Kisah Coventry Jual Pemain ke Real Madrid, Untung Rp19,6 Miliar dalam Enam Hari

"Bisnis sepakbola memang unik. Beli pemain bukan digunakan, tapi dijual."

Biografi | 27 October 2021, 08:26
Kisah Coventry Jual Pemain ke Real Madrid, Untung Rp19,6 Miliar dalam Enam Hari

Libero.id - Jika anda penggemar Real Madrid, anda pasti tahu pemain asal Kroasia bernama Robert Jarni. Dia adalah pemain seangkatan Davor Suker, Predrag Mijatovic, Fernando Hierro, hingga Christian Panucci. Tapi, tahukah anda bahwa pemain Kroasia itu datang ke Estadio Santiago Bernabeu lewat proses yang unik. 

Kisah ini terjadi pada 1998. Dia memiliki tiga klub dalam satu satu pekan, yaitu Real Betis, Coventry City, dan tentu saja Los Blancos. 

Tahun itu, Jarni mencatatkan status sebagai salah satu bek kiri terbaik di Eropa. Bersama Suker, Zvonimir Boban, hingga Slaven Bilic, Jarni mencatatkan prestasi membanggakan bersama Kroasia pada debut Piala Dunia. Saat itu, pada turnamen di Prancis, mereka mampu menempati peringkat ketiga.

Aksi dengan Kroasia hanya puncak. Pasalnya, sepanjang musim 1997/1998, Jarni juga bermain sangat bagus di La Liga bersama Betis. Dia mencetak enam gol dari 28 pertandingan, termasuk ke gawang Barcelona dan Madrid.
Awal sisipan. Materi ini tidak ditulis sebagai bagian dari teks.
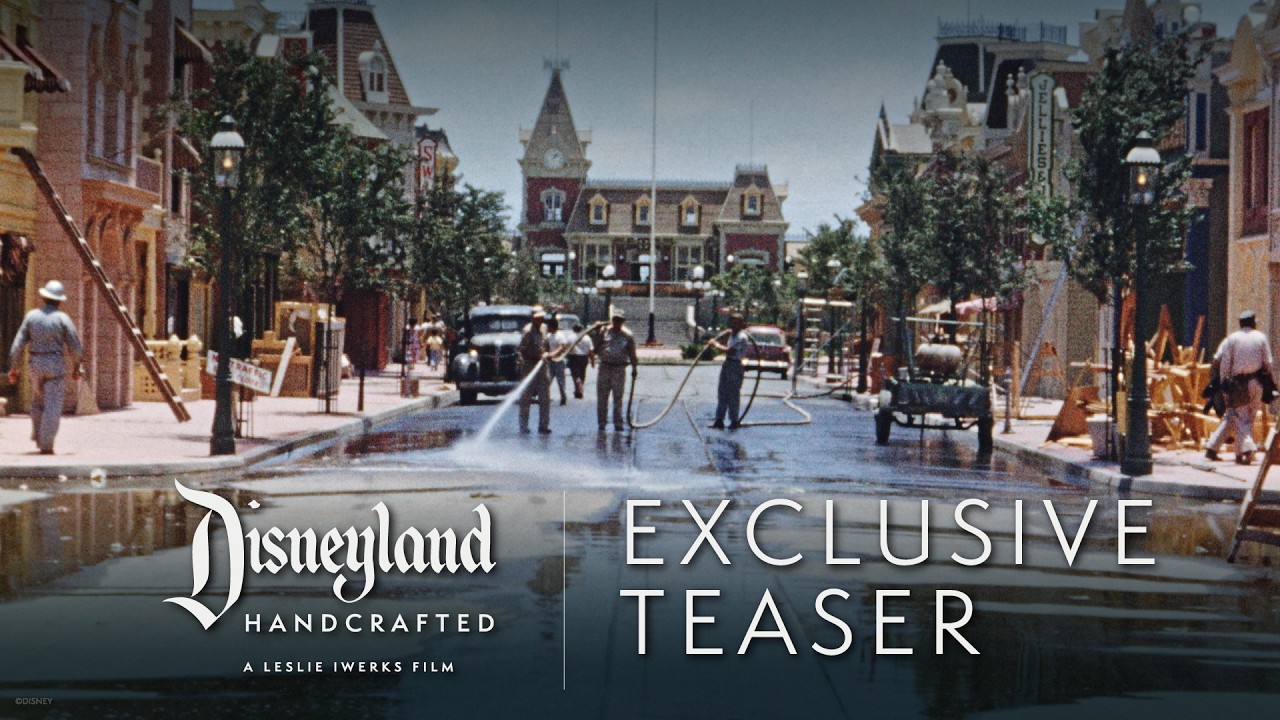 Disneyland Handcrafted | “It’s a Miracle” Official Clip | Debuting January 22 - YouTube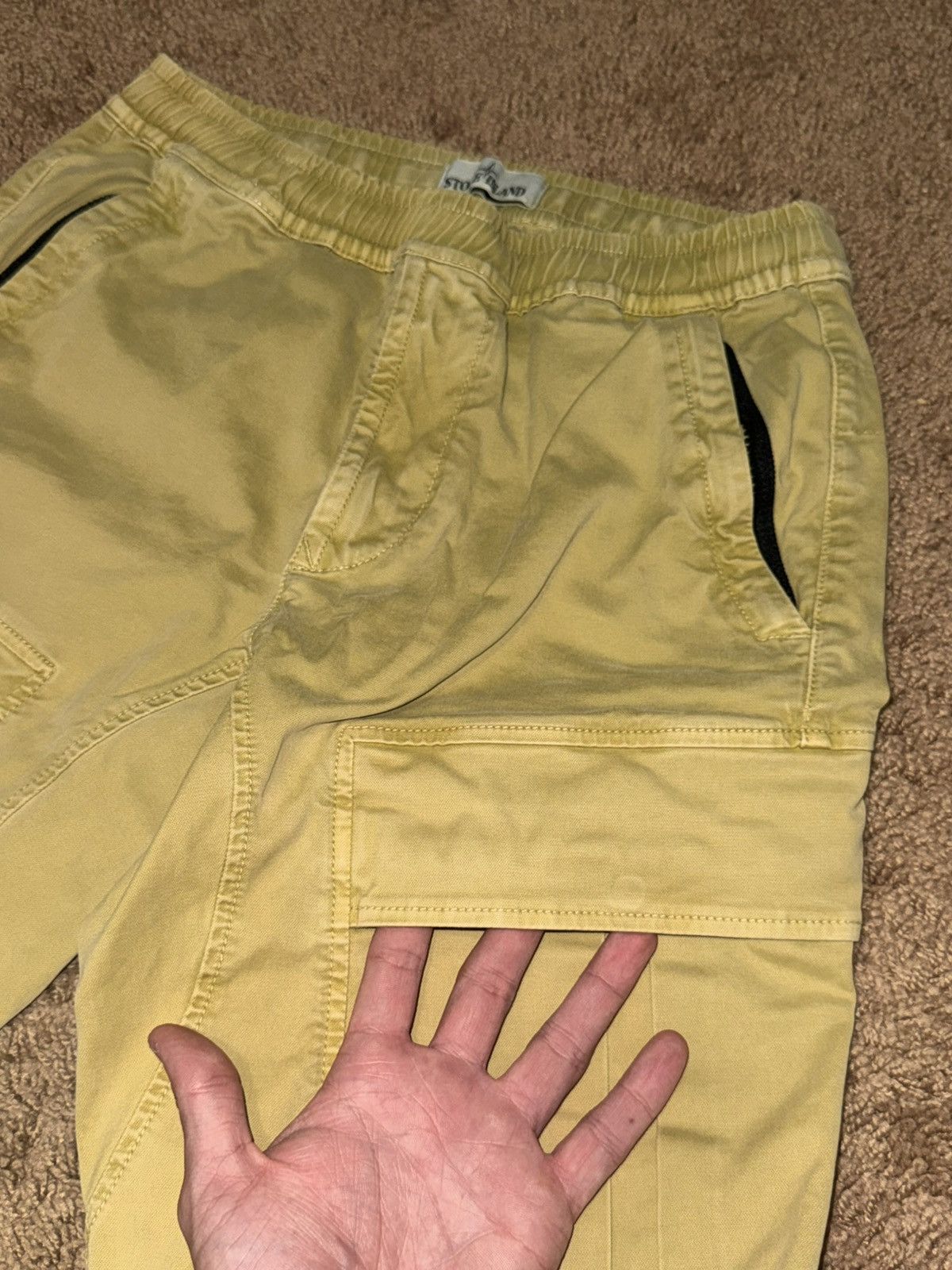 Stone Island Stone Island Cargo Pants Size US 29 - 5 Thumbnail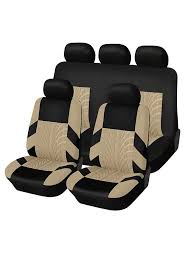 Set 5 Seat Universal Car Seat Covers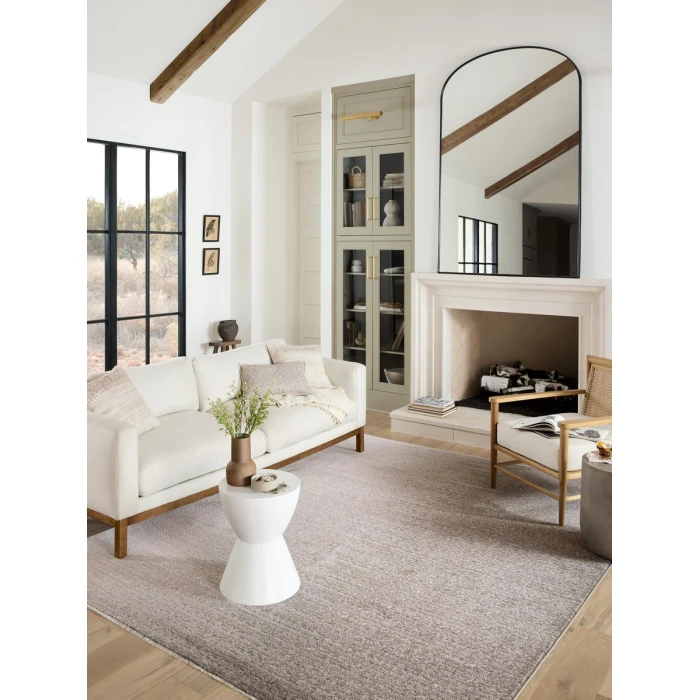 Loloi II Vance VAN-02 Taupe / Dove 18" x 18" Sample Area Rug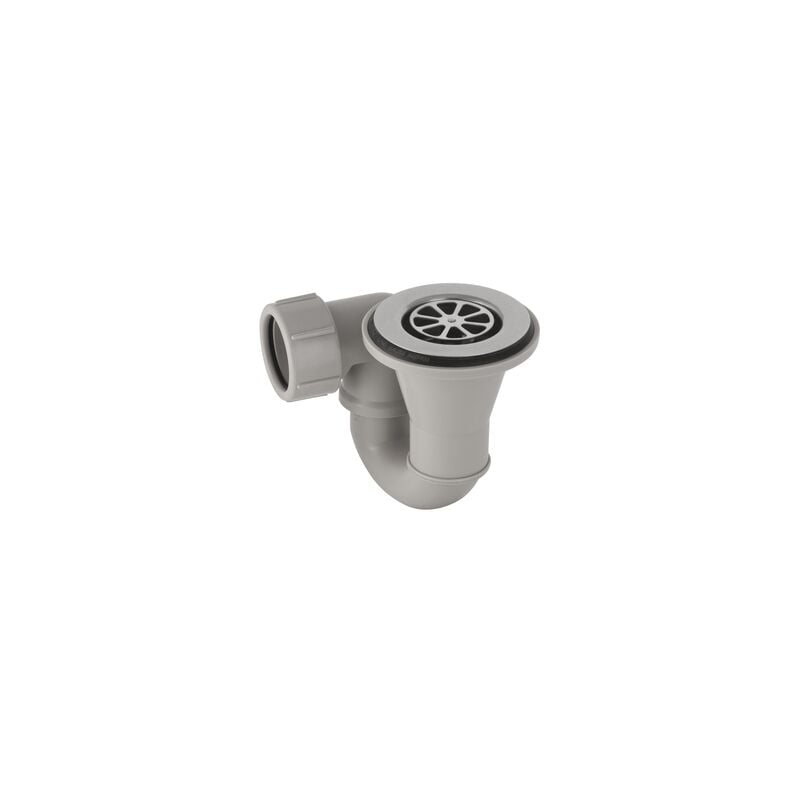 Geberit siphon de douche ø62 mm avec sortie en acier inoxydable - 150.071.21.1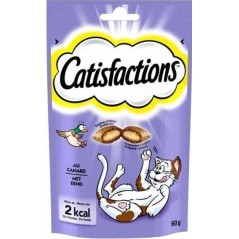 Au canard 60gr - Catisfactions à 2,40 € - Catisfactions - 262031 - Catisfactions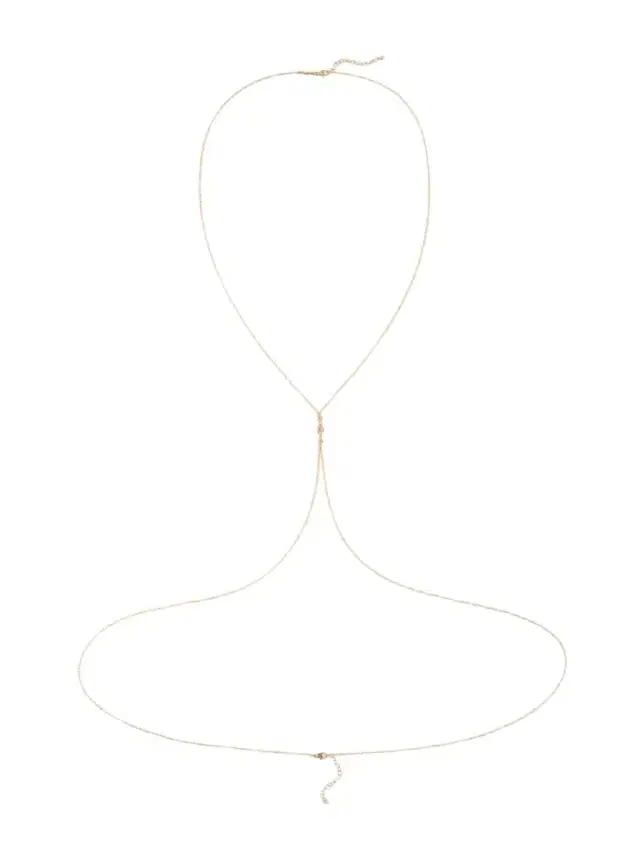 Sophia 14-karat Gold Diamond Body Chain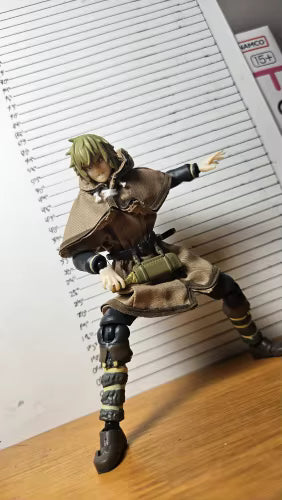Thorfinn Thorsson Vinland Saga Adjustable Anime Action Figure Model PVC 6" [Boxed]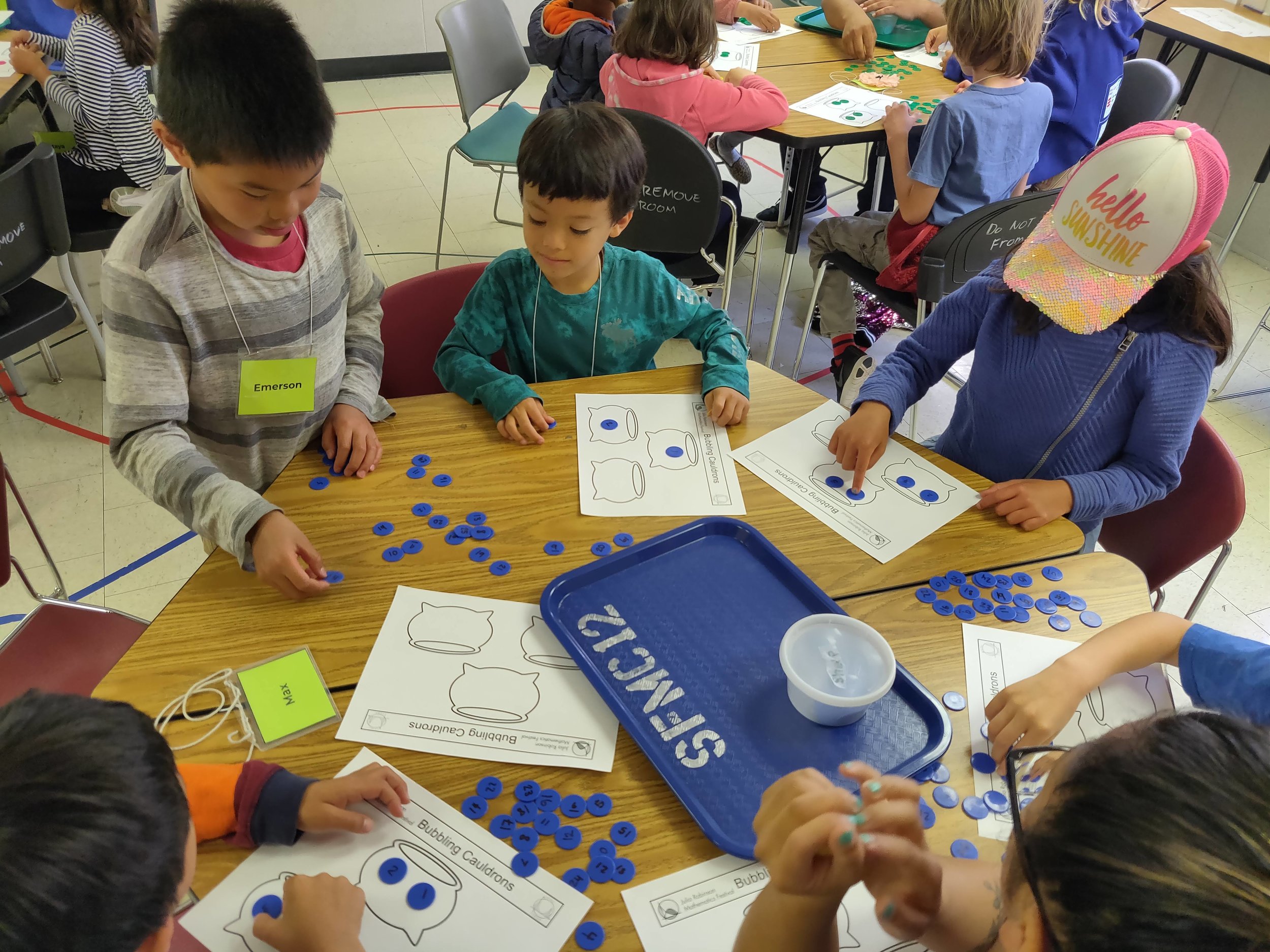 SF State Math Circle — San Francisco Math Circle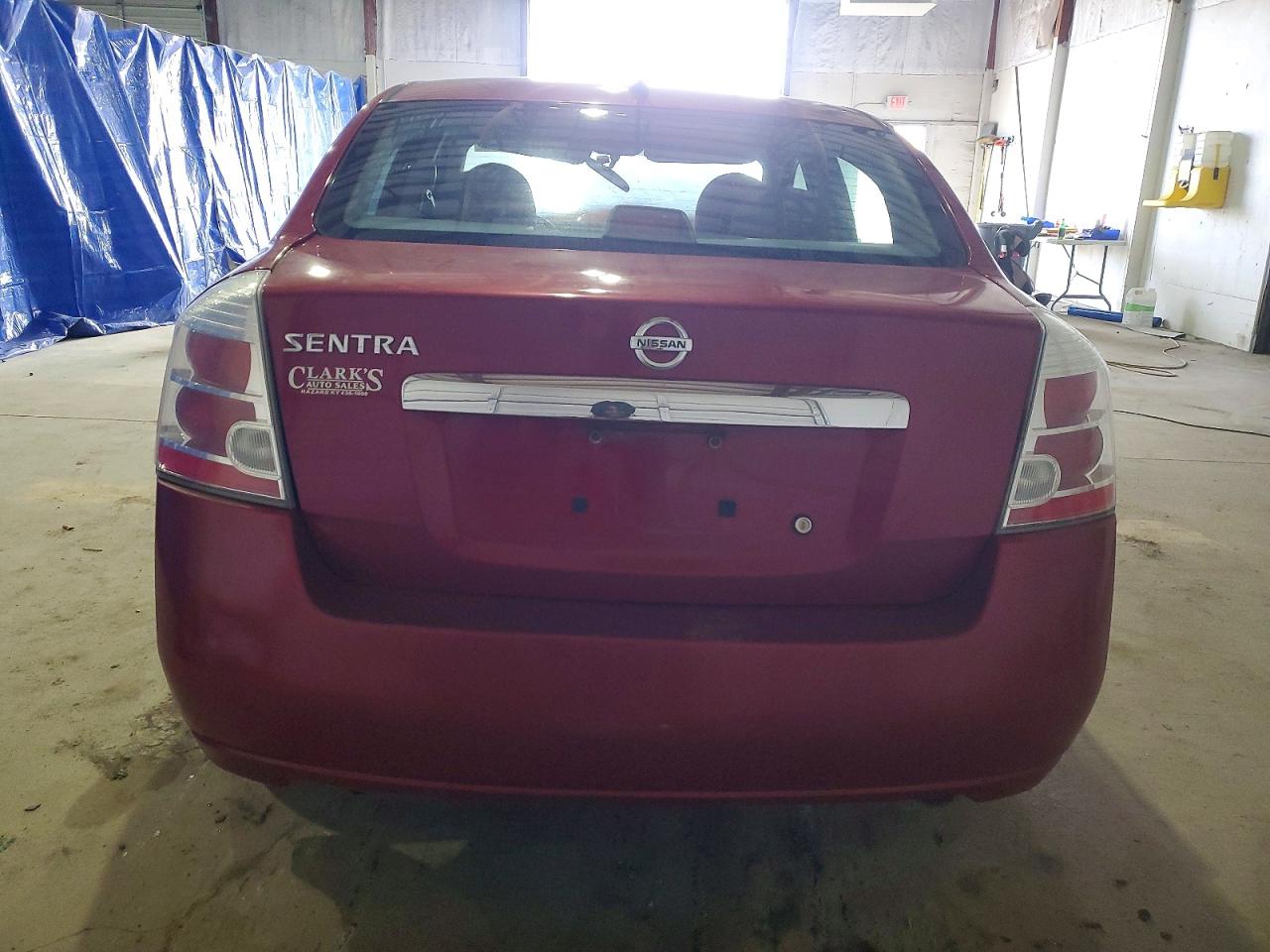 2010 NISSAN SENTRA 2.0 photo 6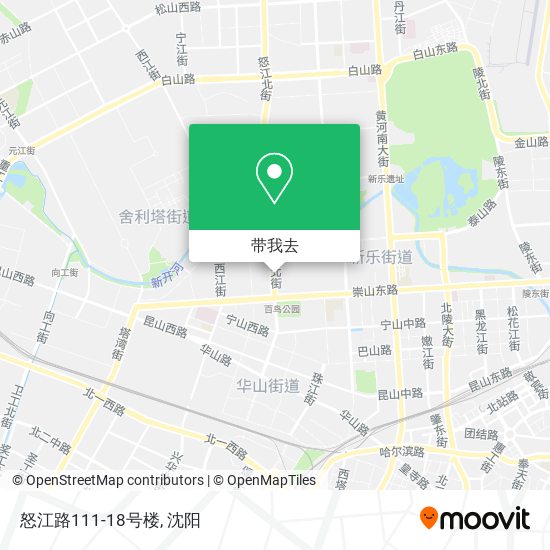 怒江路111-18号楼地图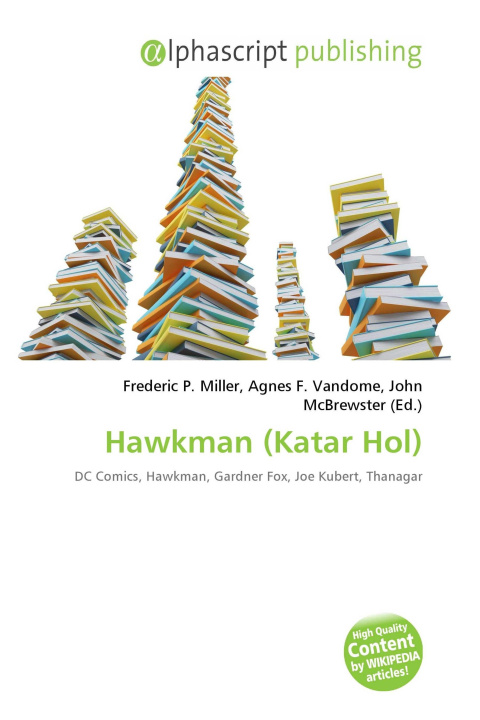Buch Hawkman (Katar Hol) Agnes F. Vandome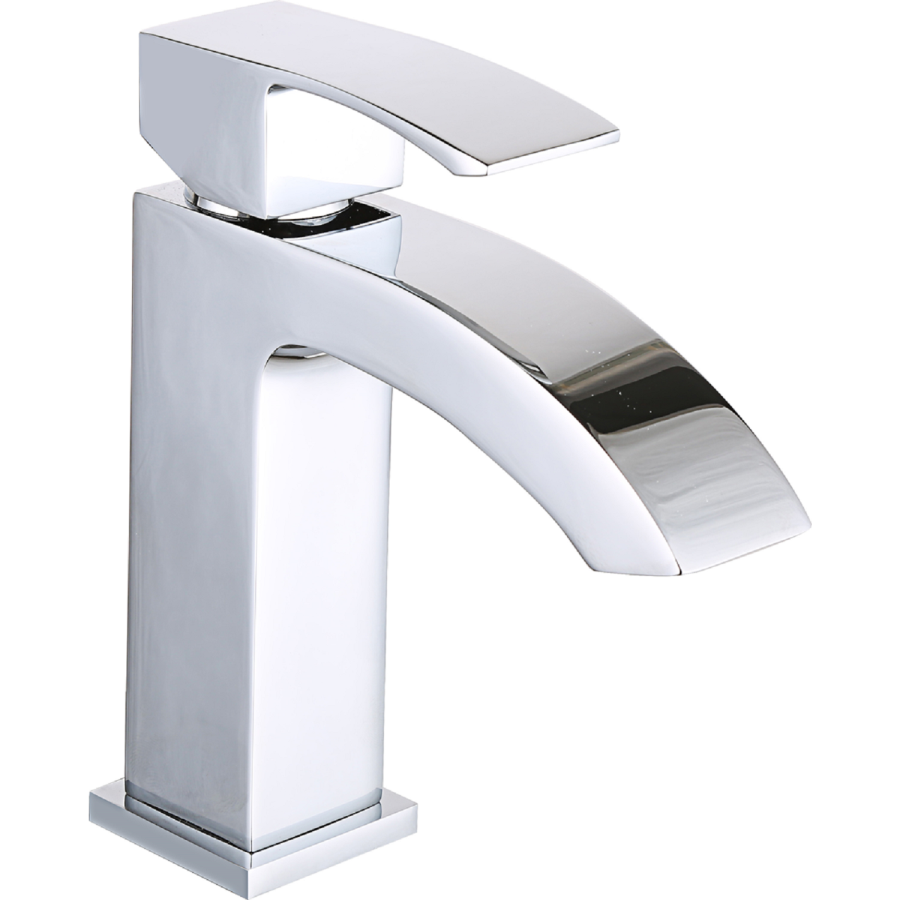 ONLY OPENED - Cloakroom Basin Mono Tap - Wave Range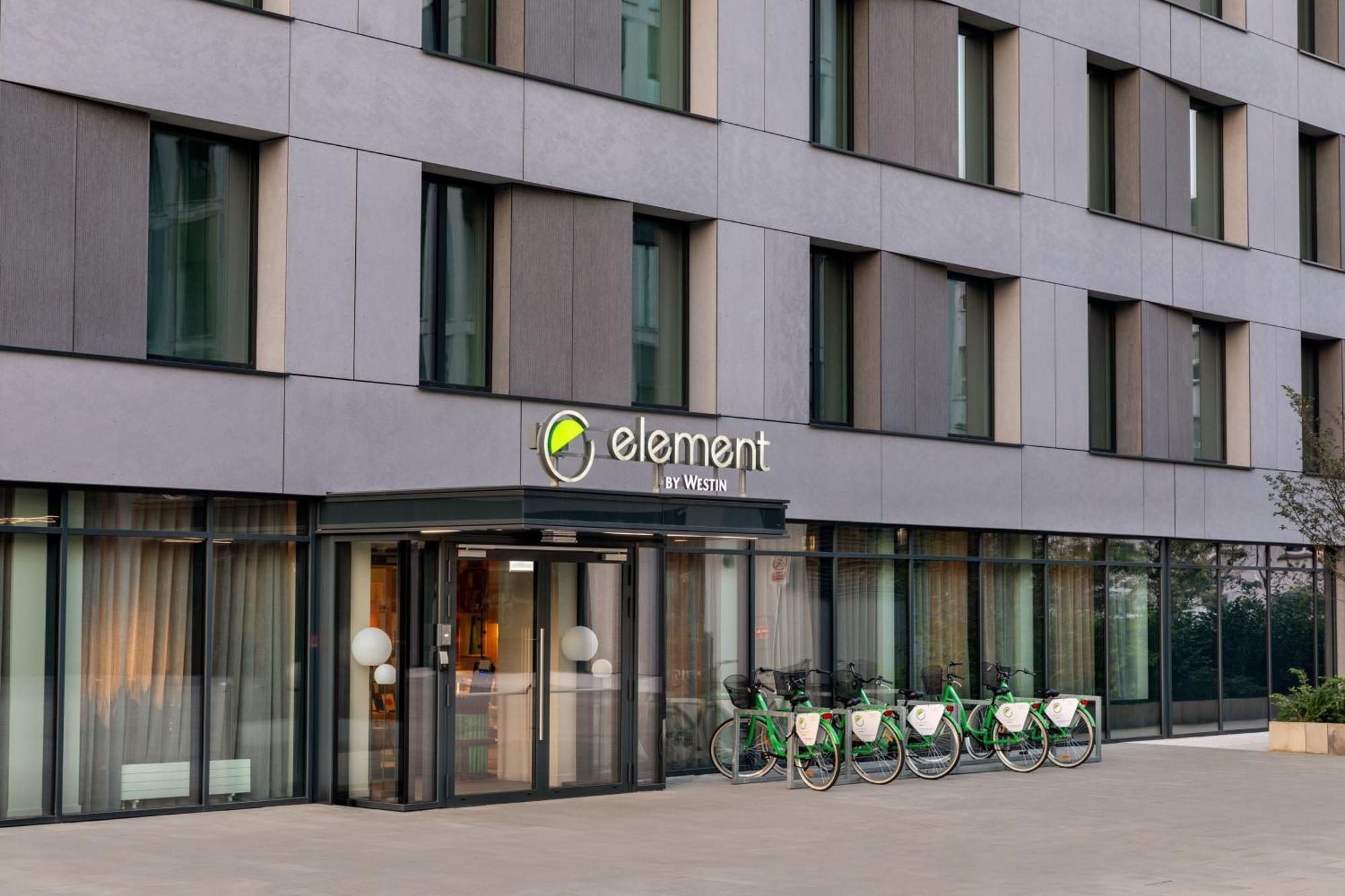 Element By Westin Wroclaw Hotel Buitenkant foto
Pada saat yang sama, di kompetisi yang lain, Coventry baru saja finish di urutan 11 Liga Premier. Kemudian, tim pelatih berpikir bahwa The Sky Blues perlu memiliki pemain yang lebih baik agar bisa bersaing di musim berikutnya. Mereka memutuskan membeli Jarni dari Betis dengan 2,6 juta pounds (Rp50,7 miliar).

Jarni sebenarnya tidak mau datang ke Inggris. Dia ingin bertahan di La Liga karena Los Blancos memang sudah mengajaknya bergabung. Masalahnya, Betis selaku klub pemilik menolak tawaran Los Blancos karena statusnya sebagai tim rival.

Jadi, ini seperti kejatuhan durian runtuh. Para pendukung Coventry hampir tidak bisa mempercayai keberuntungan mereka. Skuad Gordon Strachan saat itu memiliki banyak pemain Liga Premier yang dapat diandalkan. Tapi, mereka bukanlah barisan pemain berbakat bertabur bintang. 

Uniknya, enam hari setelah menandatangani kontrak dengan Coventry, Jarni justru dijual ke Madrid. Harganya, 3,6 juta pounds (Rp70,2 miliar). Artinya, ada keuntungan 1 juta pounds (Rp 19,6 miliar) hanya dalam seminggu.

Kok, bisa? Ternyata ini adalah taktik Betis. Mereka memang sengaja tidak mau menjual pemain ke Los Blancos dan lebih condong menjual ke klub Inggris. Tujuannya agar Madrid mau menaikan harga belinya. Ini adalah strategi yang sering dilakukan oleh banyak klub.

Di Liga Premier, cara seperti itu pernah dilakukan ketika Wolverhampton Wanderers membuat peminjaman Benik Afobe dari Bournemouth permanen pada musim panas 2018. Kemudian, mereka menjual sang striker ke Stoke City, beberapa hari kemudian, untuk mendapat keuntungan. 

Sementara Manchester United menolak menjual Zeki Fryers ke Tottenham Hotspur dan meminta mereka hanya meminjamnya enam bulan setelah bergabung dengan Standard Liege.

Meski itu alasannya, satu pertanyaan besar tetap ada, yaitu mengapa yang dipilih Coventry? Bayangkan, Madrid adalah klub terbesar di dunia. Sementara Coventry adalah tim kecil yang mengeluarkan dana besar untuk pemain Piala Dunia. Harap diingat bahwa 2,6 juta pounds pada 1998 adalah angka yang sangat besar. 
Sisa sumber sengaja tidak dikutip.